▶ **Exercise inputs**
--------------------
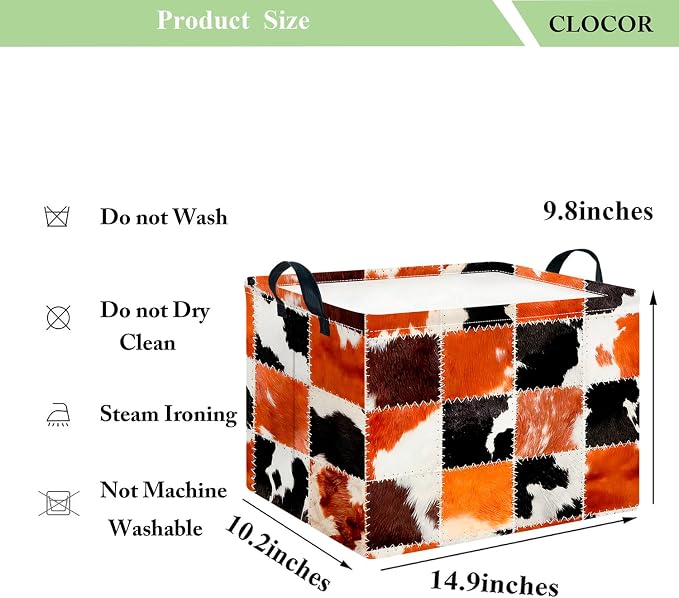 CLOCOR Rectangular Storage Basket Empty,Gift Basket,Waterproof Storage Bin(Cowprint)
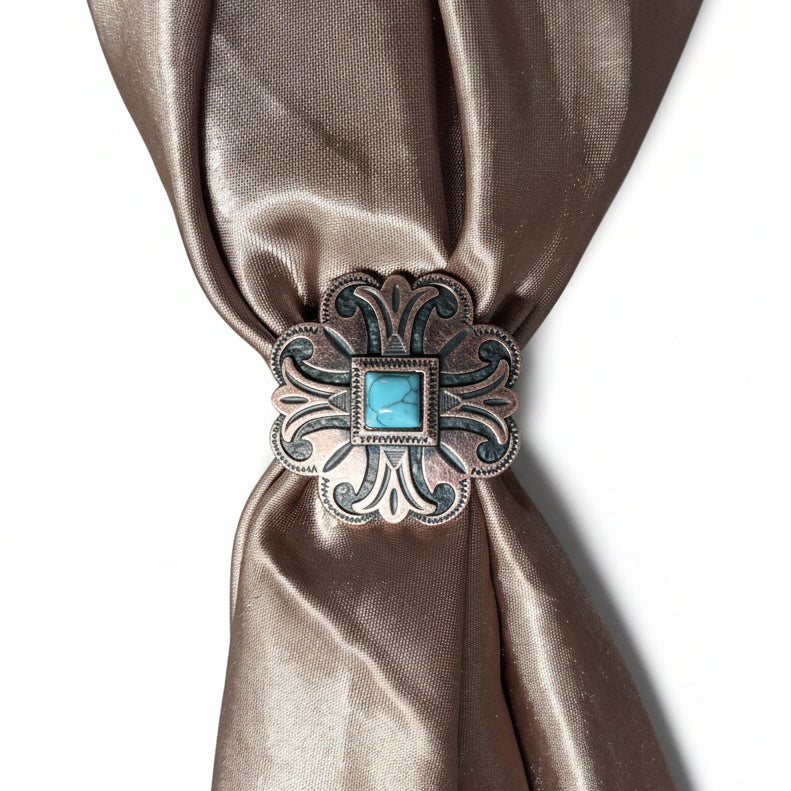 Copper Turquoise Western Concho W141 — view 9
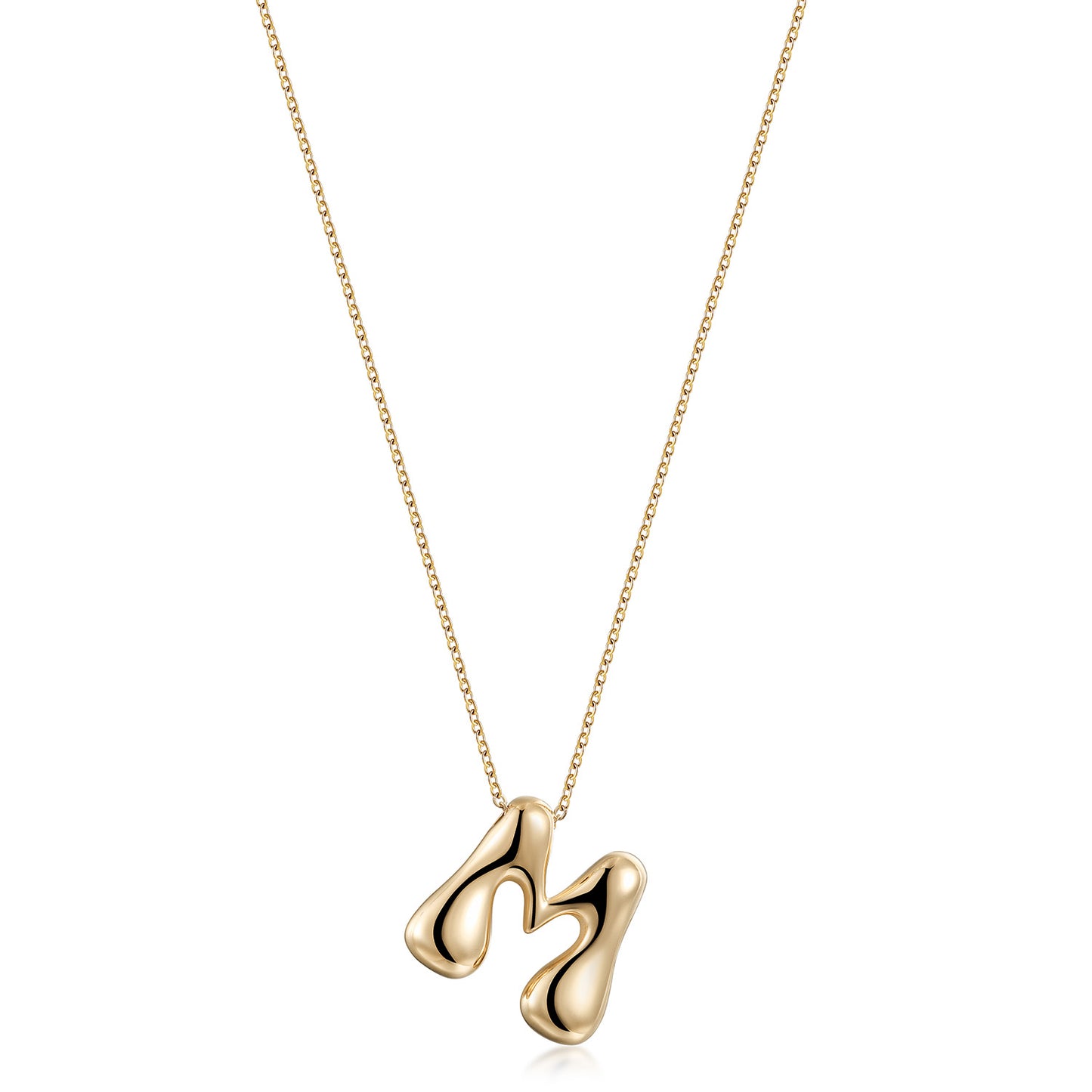 Letter M Gold Necklace - NSSN949STGC-M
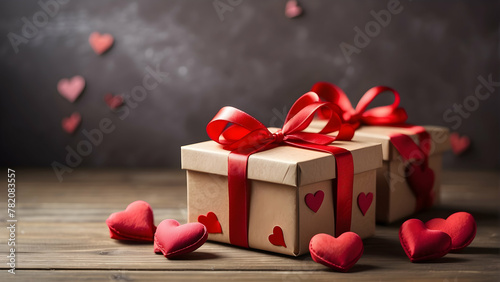 Two beautifully wrapped gifts adorned with elegant red ribbons and surrounded by red hearts set against a rustic wooden background, creating a romantic atmosphere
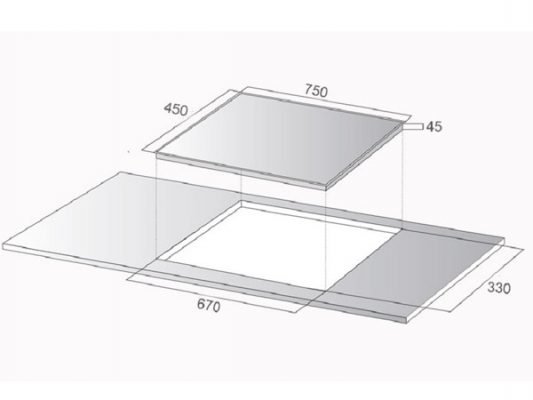 Bếp từ Kocher DI-750S 6 Kích thước lắp đặt bếp từ Kocher DI-750S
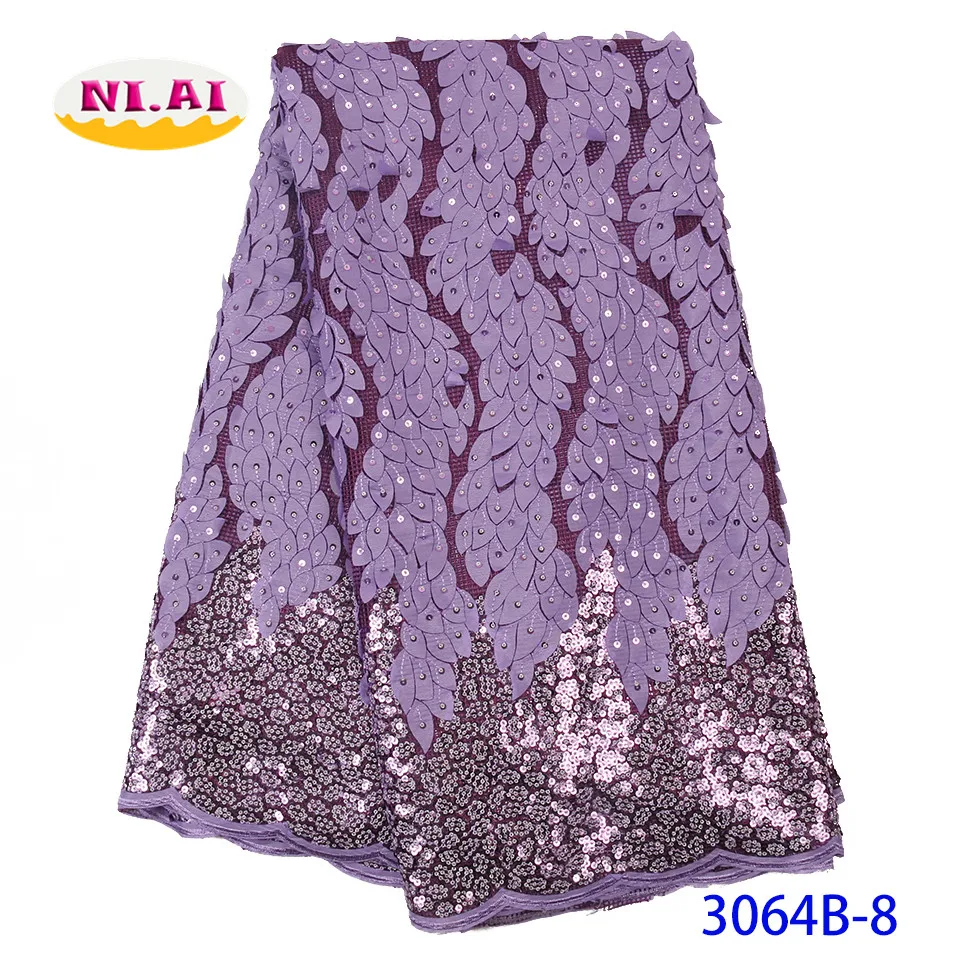 Cheap New Embroidered Fabric French Tulle Sequins African Lace Fabric For Party Dress Green clothes For Women NA3064B-2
--------------------
▶ **Work required**
From the records above, copy only the lines running from the line containing "Letter M Gold Necklace - NSSN949STGC-M" to the line containing "Two beautifully wrapped", both ends included. Leave the pictures out.

▶ **Written response**
 Letter M Gold Necklace - NSSN949STGC-M
 Two beautifully wrapped gifts adorned with elegant red ribbons and surrounded by red hearts set against a rustic wooden background, creating a romantic atmosphere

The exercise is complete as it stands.